Czy dźwignia ręcznego to parzy, czy jak? :)
Ja używam ręcznego przy każdym postoju powyżej sekundy.
Jak turlam się w korku, to tylko mniej lub więcej go odpuszczam, a nogi
dalej odpoczywają (mam automat, a co!). :)
Jak trzeba szybciej, to oczywiście dodaję gazu.
--
Pozdrawiam,
Grzegorz Tomczyk
-
47. Data: 2016-02-18 14:56:17
Temat: Re: Jak ruszać pod górkę zeby samochód się nie stoczył
Od: "Axel" <n...@s...mu>
Użytkownik "RoMan Mandziejewicz" napisał w wiadomości grup
dyskusyjnych:2477916528$2...@s...com.
..
>>>> Mam z tym problem. Jak ruszać pod górkę bez ręcznego żeby samochód się
>>>> nie stoczył ? Pomóżcie kobiecie :)
>>> Prawa noga na hamulcu, lewa na sprzegle. Odpuszczasz lekko sprzeglo
>>> dotad, az
>>> poczujesz ze zaczyna lekko ciagnac. Przenosisz prawa noge na gaz,
>>> dodajesz lekko gazu i odpuszczasz sprzeglo. Jezdze nie uzywajac recznego
>>> juz dobrych kilka lat.
>> o widzisz dzięki !!!
> Tak samo się robi z ręcznym, tylko nogi nie trzeba przekładać i jest
> łatwiej. Jak czujesz, że sprzęgło łapie, to gaz i odpuszczasz ręczny i
> sprzęgło.
Miałem ostatnio większy problem - parkowałem w hotelowym parkingu podziemnym
na zasadzie "kto pierwszy, ten lepszy" i jak mi zostawało miejsce na stromym
wjeździe do garażu - wyjeżdżając musiałem ruszać pod górkę i ze skręconymi
kołami, żeby w wyjazd trafić. Efekt był taki, że albo paliłem sprzęgło, albo
gumę, bo koła mi buksowały po betonie. Na szczęście tylko kilka razy tak się
męczyłem, a samochód z wypożyczalni...
--
Axel
-
48. Data: 2016-02-18 15:03:05
Temat: Re: Jak ruszać pod górkę zeby samochód się nie stoczył
Od: "Axel" <n...@s...mu>
Użytkownik "Shrek" napisał w wiadomości grup
dyskusyjnych:n9snqr$e8v$...@n...news.atman.pl...

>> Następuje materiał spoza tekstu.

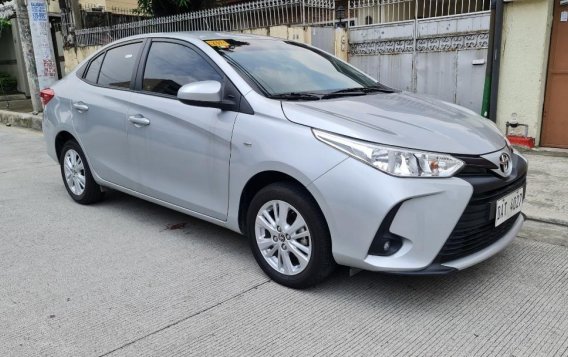 Selling Brightsilver Toyota Vios 2021 in Quezon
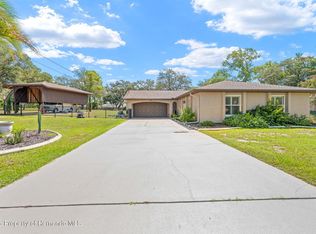 11238 Kodiak Wren Rd, Weeki Wachee, FL 34614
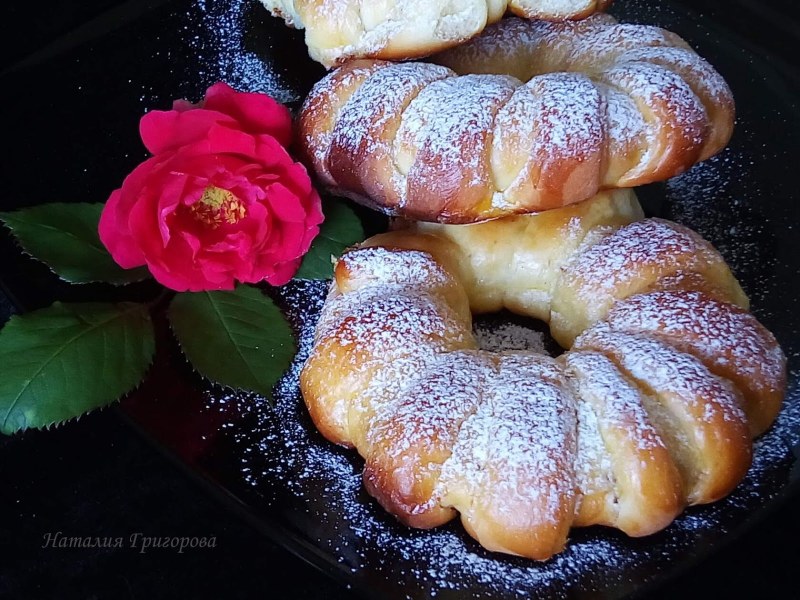 Красивые сладкие булочки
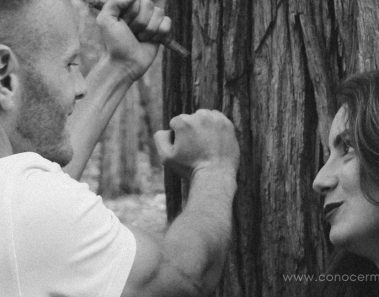 7 Comportamientos de alguien que se sientre atraído por ti en secreto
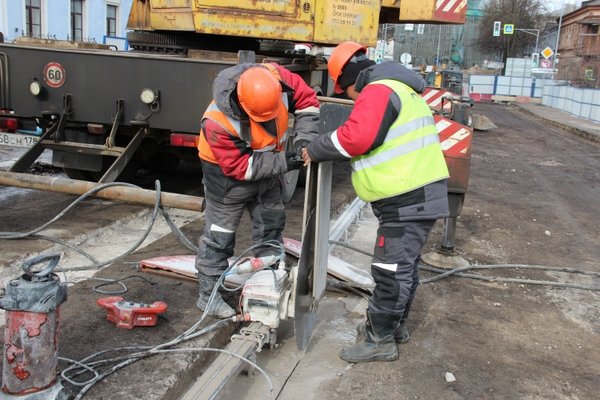В Пскове начали демонтаж пролета Троицкого моста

> Więc tak - automaty są dobre. Tylko dla mnie niefajne;) Ale jeśli ktoś
> chce tylko jechać, nie czuje w czasie jazdy frajdy ze zmiany biegów,
> kontrolowania sytuacji, szarpnięcia przy redukcji, wychodzenia z zakrętów
> z wciśniętym gazem itd, to automat jest dla niego i będzie jednym z tych
> co jak raz będą mieli automat to "nigdy więcej manuala". Ja akurat mam na
> odwrót - zacząłem manualem, jeżdziłem naprawdę różnymi automatami, od
> zwykłych do 300KM+ i... następny samochód to też będzie manual - tak po
> prostu - abstrahując od serwisu, kosztów i spalania. Po prostu jada nawet
> wypasionym automatem sprawia mi mniej przyjemności niż "srednim"

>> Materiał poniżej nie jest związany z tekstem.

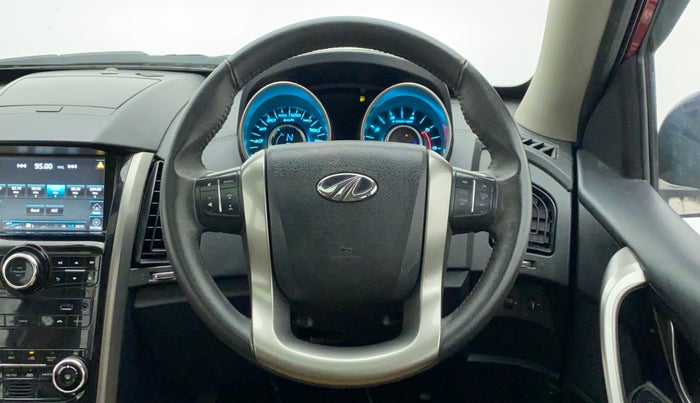 2019 Mahindra XUV500 W11, Diesel, Manual, 32,204 km, Steering Wheel Close Up
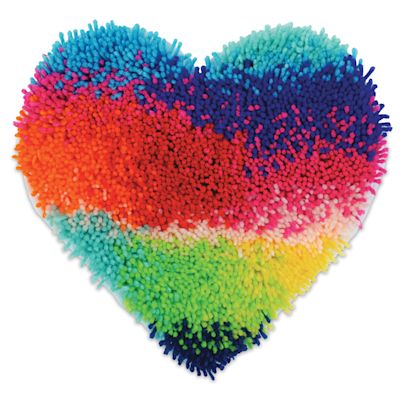 Needle Creations Latch Hook Kit - Heart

> manualem". Ale podejrzewam, że jestem wyjątkiem;)
Nie jesteś ;-P
Do tego jeszcze dochodzi fakt, że na mojej codziennej drodze nie ma wielu
korków, więc nie muszę się męczyć :-)
Ale jak jestem w miejscach, gdzie dużo czasu spędza się w korkach lub na
ciasnych uliczkach, to doceniam automat (bardzo rzadko jeżdżę gdzieś dalej
swoim samochodem, raczej pożyczam na miejscu)
--
Axel
-
49. Data: 2016-02-18 15:14:19
Temat: Re: Jak ruszać pod górkę zeby samochód się nie stoczył
Od: Shrek <...@w...pl>
On 18.02.2016 15:03, Axel wrote:
> Nie jesteś ;-P
No dobra - to są nas dwa wyjątki.
> Do tego jeszcze dochodzi fakt, że na mojej codziennej drodze nie ma
> wielu korków, więc nie muszę się męczyć :-)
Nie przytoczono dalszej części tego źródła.